Print the lines that start the entries and continue through the one holding "Rolex Submariner Date", please, exactly and with the pictures omitted.

(Beginning of Stored data)

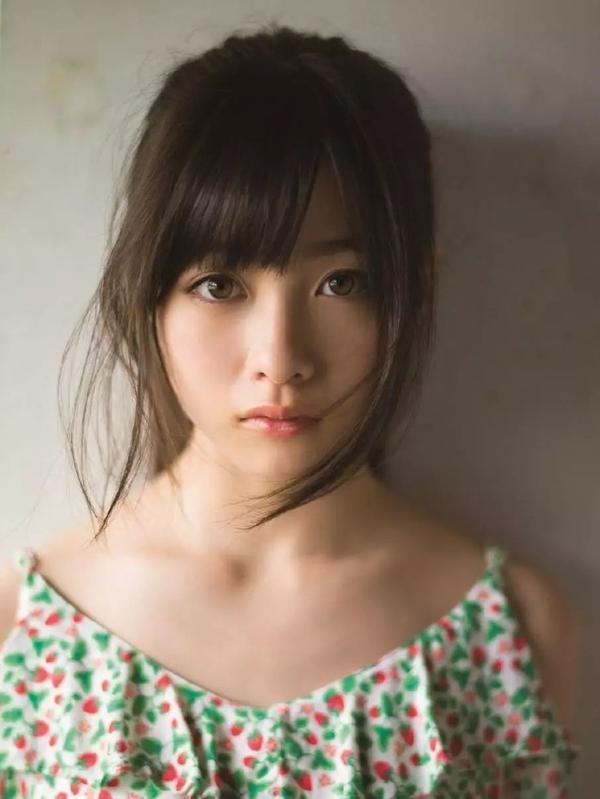 从《银魂》到《我是大哥大》.看美少女桥本环奈如何一步步放飞自我?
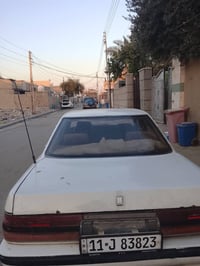 هارتوب موديل  1988سياره جاهزه بسمي السعر45  بغداد جسر ديالي القديم 077...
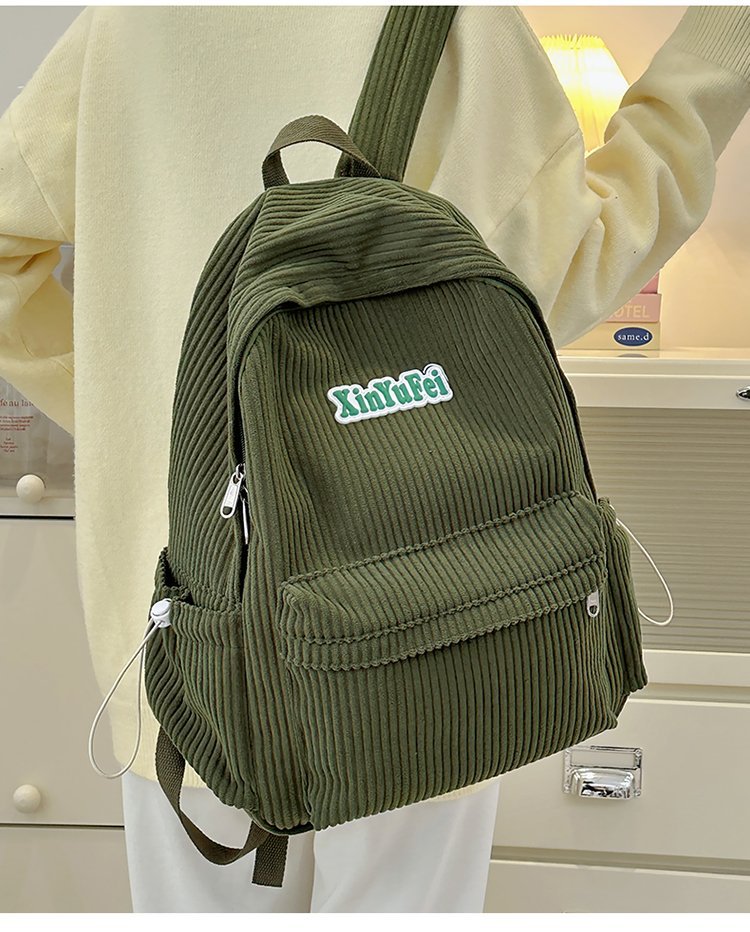 Wholesale Casual Backpack for Bulk Wholesale Buyers — 22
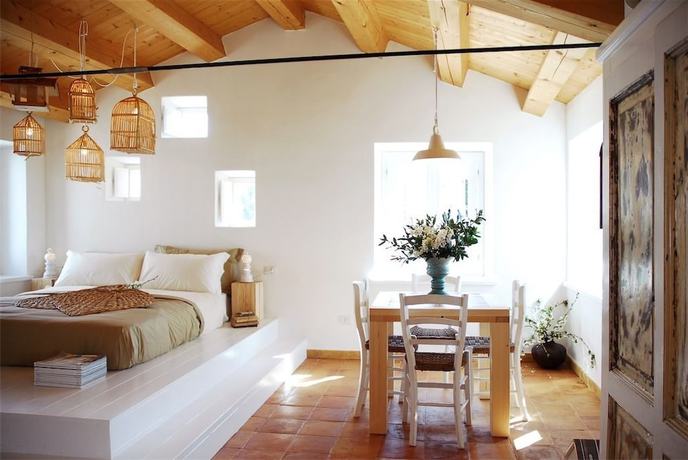 Imagen de la habitación del Castello di Granarola Relais &ndash; Adults Friendly. Foto 10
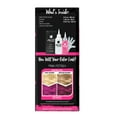 Splat 30 Wash Pink Fetish Hair Color Kit, SemiPermanent Dye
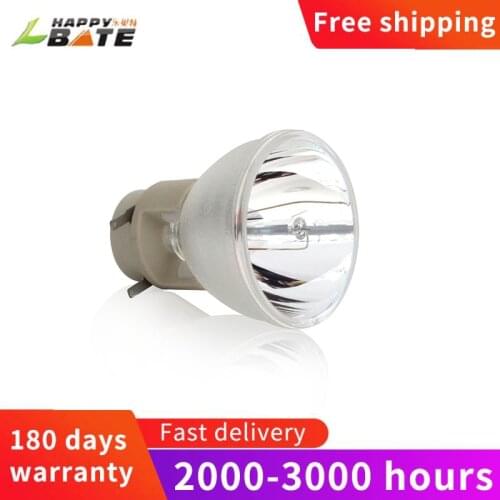 HAPPYBATE BL-FU200D Replacement Projector Lamp for OPTOMA W335/S343 X343 X308ST H116 H184X S322 S322E with 180 days Warranty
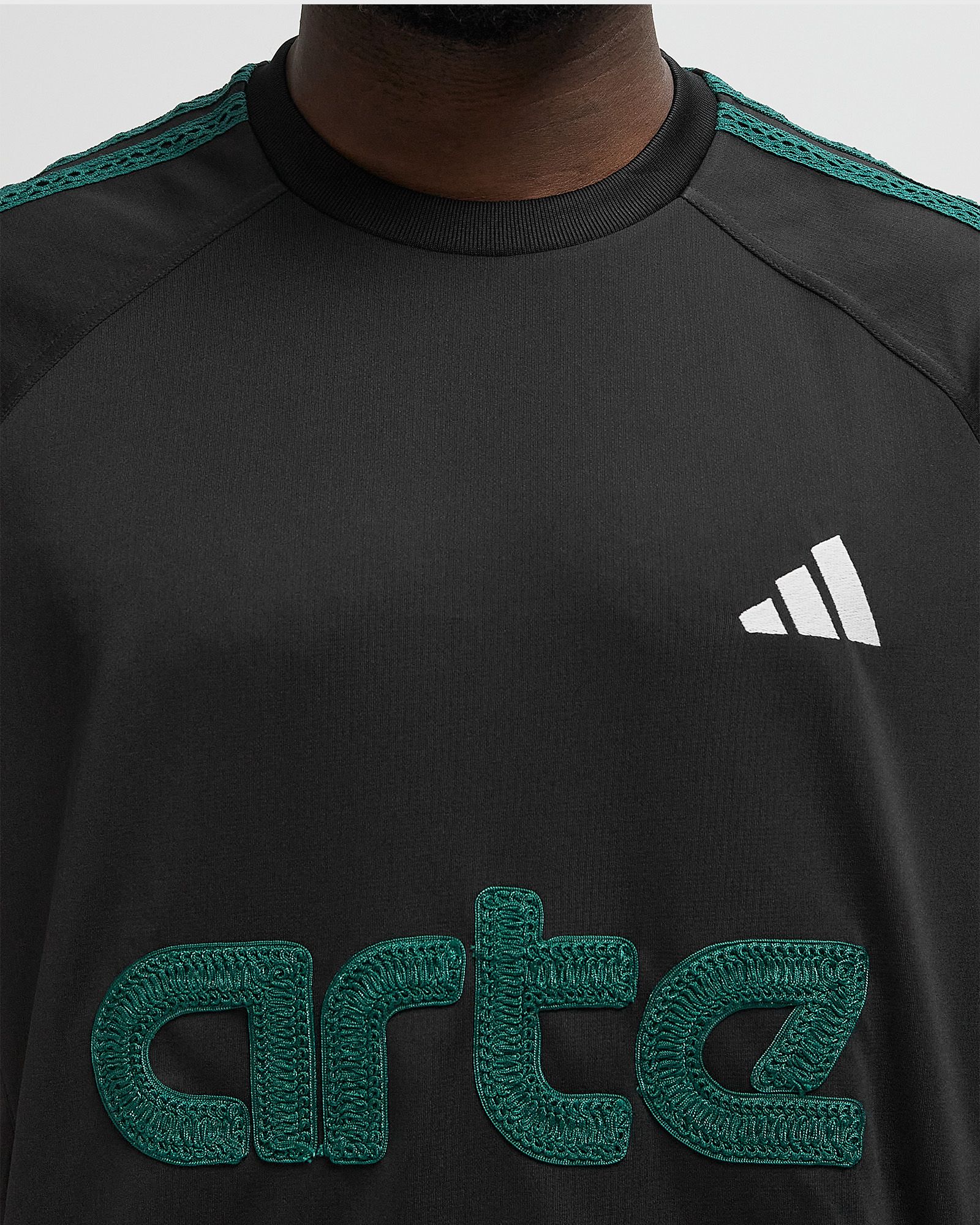 x ARTE JERSEY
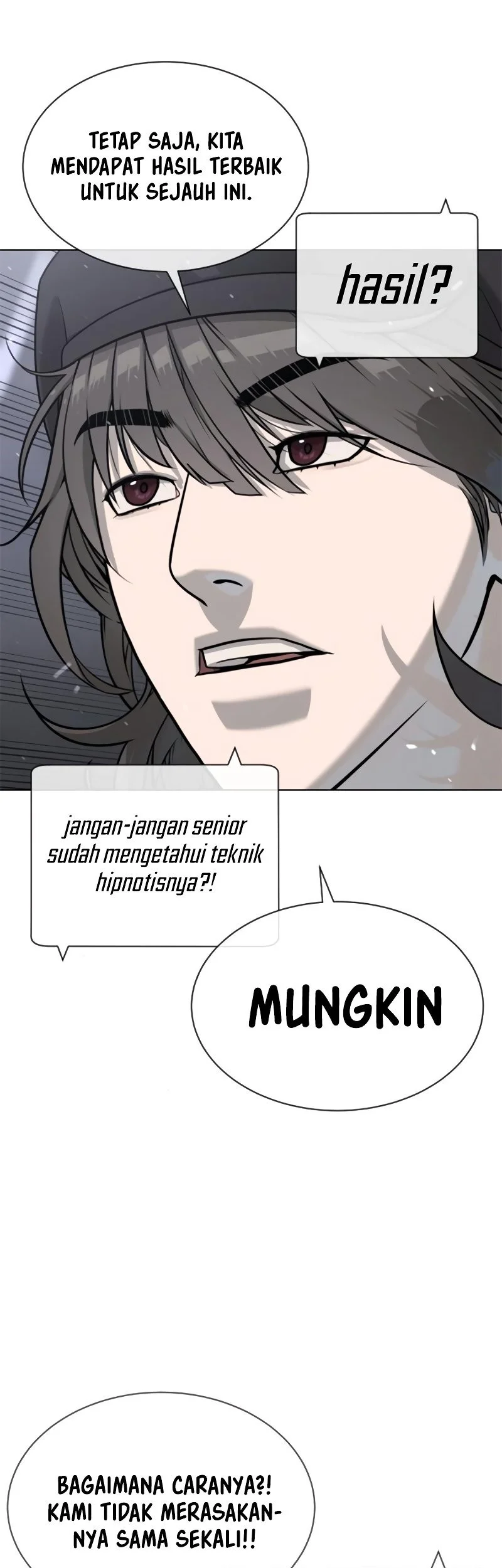 Killer Peter Chapter 111 Gambar 52
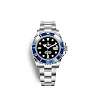 Rolex Submariner Date 18 ct white gold Ref# 126619LB-0003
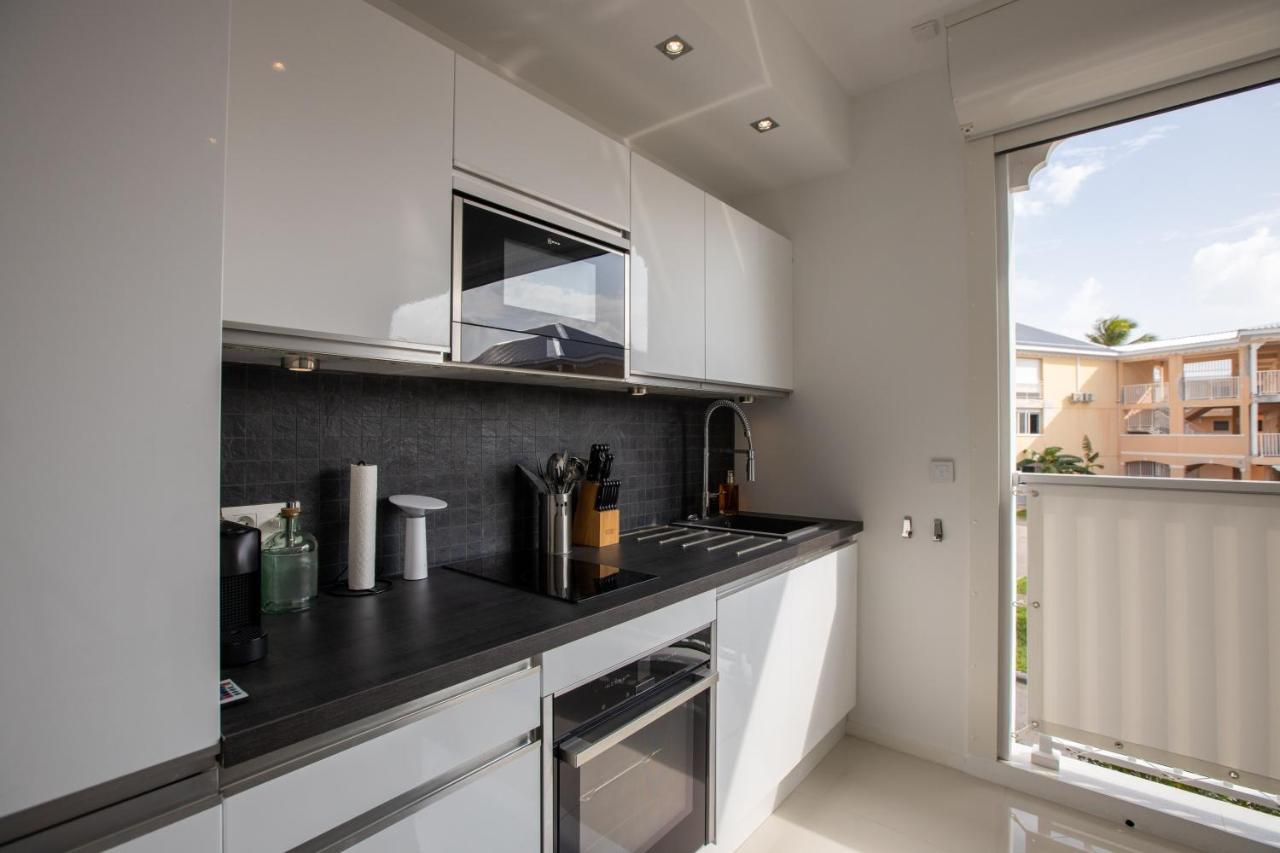 St Martin Nettle Bay Lovely Appartment Sandy Ground エクステリア 写真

(End of Stored data)

▸ Expected answer
 从《银魂》到《我是大哥大》.看美少女桥本环奈如何一步步放飞自我?
 هارتوب موديل  1988سياره جاهزه بسمي السعر45  بغداد جسر ديالي القديم 077...
 Wholesale Casual Backpack for Bulk Wholesale Buyers — 22
 Imagen de la habitación del Castello di Granarola Relais &ndash; Adults Friendly. Foto 10
 Splat 30 Wash Pink Fetish Hair Color Kit, SemiPermanent Dye
 HAPPYBATE BL-FU200D Replacement Projector Lamp for OPTOMA W335/S343 X343 X308ST H116 H184X S322 S322E with 180 days Warranty
 x ARTE JERSEY
 Killer Peter Chapter 111 Gambar 52
 Rolex Submariner Date 18 ct white gold Ref# 126619LB-0003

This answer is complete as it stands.